Als er wieder unten stand, war Hilde verschwunden. Er ärgerte sich, daß er sie gesucht hatte. Ein paar Leute drückten ihm die Hand und wünschten ihm gute Reise.
XII
Für morgen abend war seine Abreise festgesetzt. Er hatte noch mehr als vierundzwanzig Stunden Zeit. Savelli hatte ihm Geld, Briefe und Aufträge mitgegeben. Er sollte sich zuerst bei Frau K. melden und bei ihr wohnen. Bei der ersten sicheren Gelegenheit, die sich ergeben würde, mit einem Teil des Geldes zurückkommen, das man hier dringend erwartete. Er hatte einen Koffer voller Zeitungen, sie lagen in den Taschen, in den Ärmeln, im Unterfutter fremder Anzüge, die man ihm mitgegeben hatte.
Er fürchtete sich nicht. Ein Strom Ruhe erfüllte ihn wie einen Sterbenden, der ein langes und gerechtes Leben hinter sich weiß. Er konnte untergehn, namenlos, vergessen, aber nicht spurlos. Ein Tropfen im Meer der Revolution.

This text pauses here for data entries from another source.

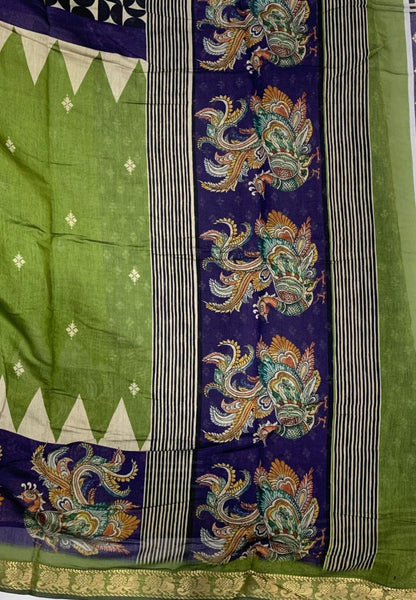 Malai Cotton Saree-Olive Green with Kalamkari Border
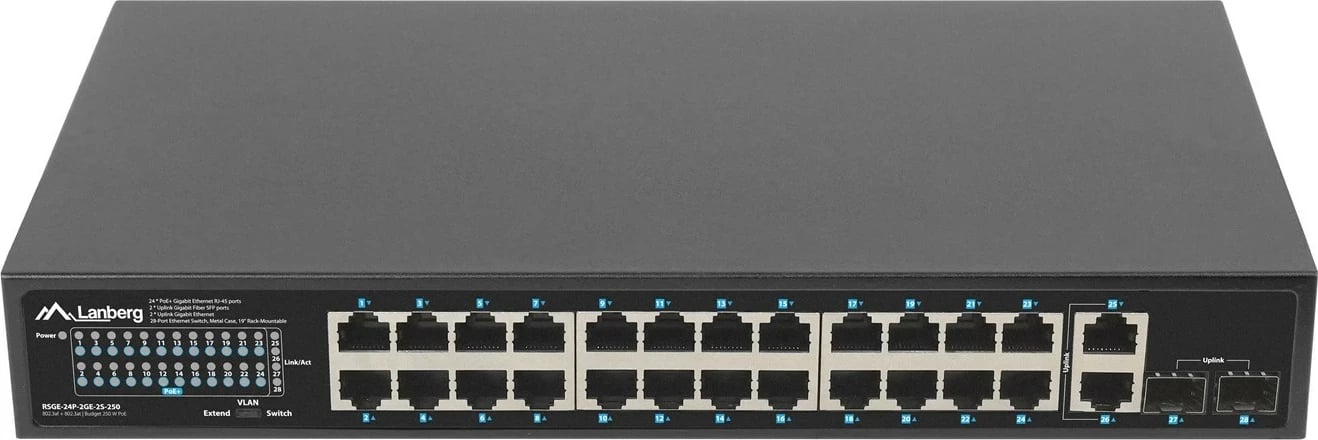 Switch Lanberg RSGE-24P-2GE-2S-250, 24 porte, i pa menaxhuar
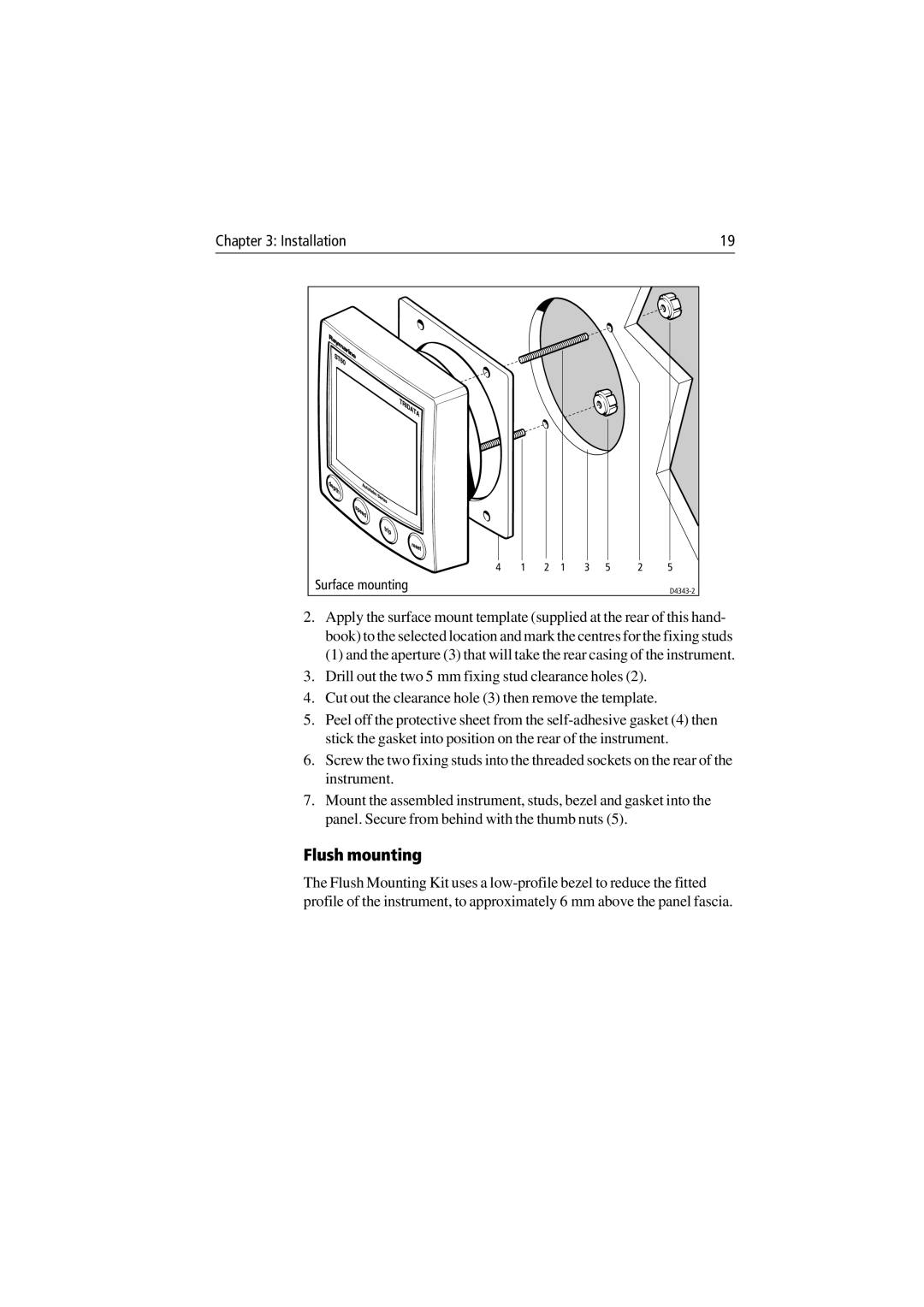 Raymarine ST60 Tridata manual Flush mounting, Surface mounting 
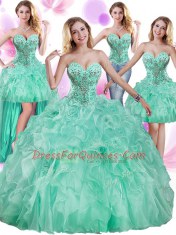 Enchanting Four Piece Floor Length Apple Green 15 Quinceanera Dress Sweetheart Sleeveless Lace Up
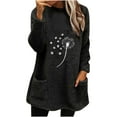 thumbnail image 2 of Graphic Hoodies for Women Oversized Cute Print Sherpa Fuzzy Fleece Long Sleeve Hooded Sweater with Pockets Loose Plush Casual Pullover Sweatshirt 2025 Winter Warm Tops, 2 of 4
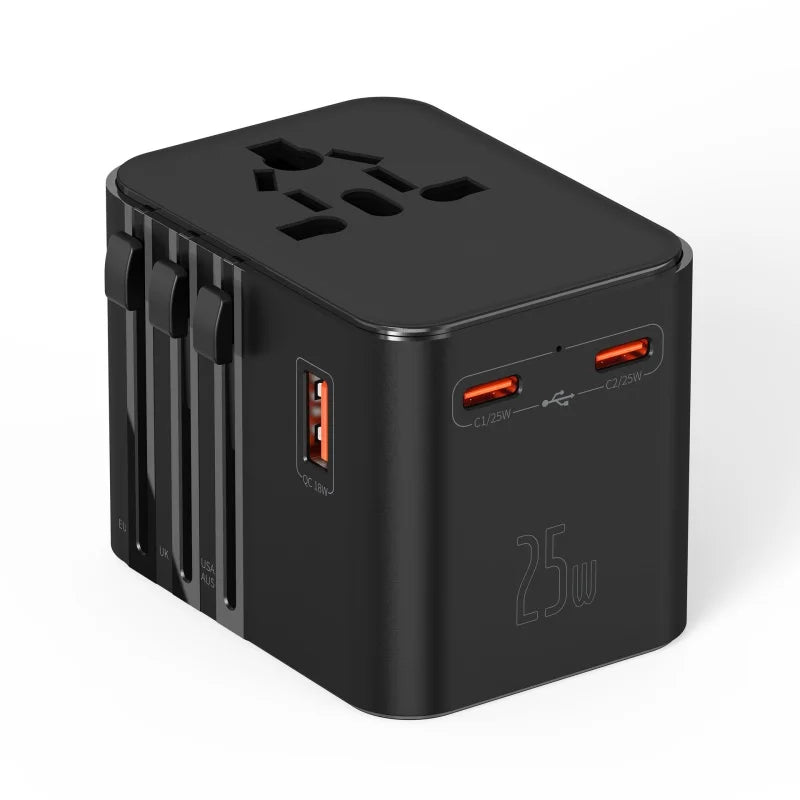 Universal Travel Adapter with 1 USB Ports 2 Type-C PD Charging All-in-Travel Adapter EU/UK/USA/AUS Plug for Travel Fast Charging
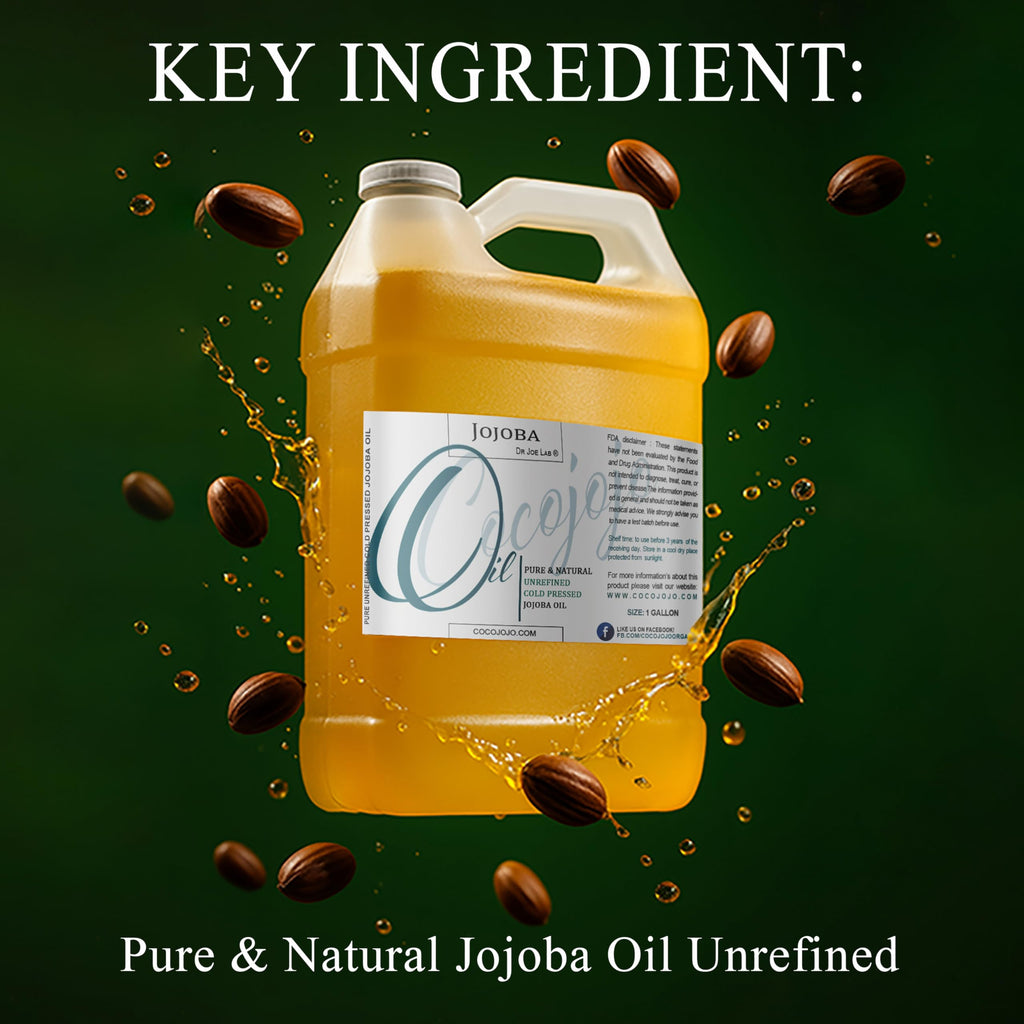 Dr Joe Lab Cocojojo Jojoba Oil Organic – 100% Pure, Cold-Pressed, 128 oz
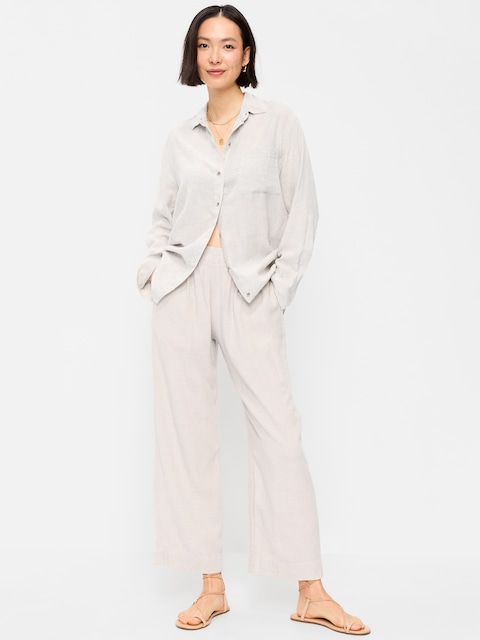 PANTALON DROIT EN MÉLANGE DE LIN À TAILLE HAUTE LONGUEUR CHEVILLE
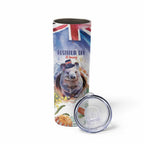 Wombat Australia Day Skinny Tumbler Happy 26 January - Banksia Watercolor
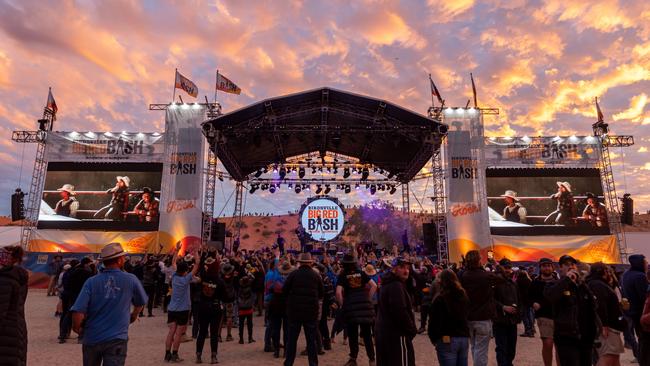 Crowds gathered at Big Red Bash music festival in the Simpson Desert, Queensland, on July 6 2021. Picture: Matt Williams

»Ich habe einen herzlichen Abschied von R. genommen«, erzählte er mir. »Dieser R., den alle unzuverlässig nennen, den eigentlich niemand leiden kann, weiß mehr als die andern. Er vergißt nicht die Gebrechen der Menschen über der Gesinnung. Er kennt die verborgene Vielfalt, aus der wir alle zusammengesetzt sind. Man traut ihm nicht ganz, denn er ist vielseitig. Er traut sich übrigens selbst nicht, seiner unbestechlichen Vernunft nicht.«
Er ging zu Grünhut Abschied nehmen.
»Wohin reisen Sie?«
Es war ein paar Augenblicke still. Grünhut ging zum Fenster. Es war, als sähe er nicht auf die Straße, sondern nur in die Fensterscheibe, die aufgehört hatte, durchsichtig zu sein.
»Was fällt Ihnen ein?« schrie Grünhut mit weinerlicher Stimme.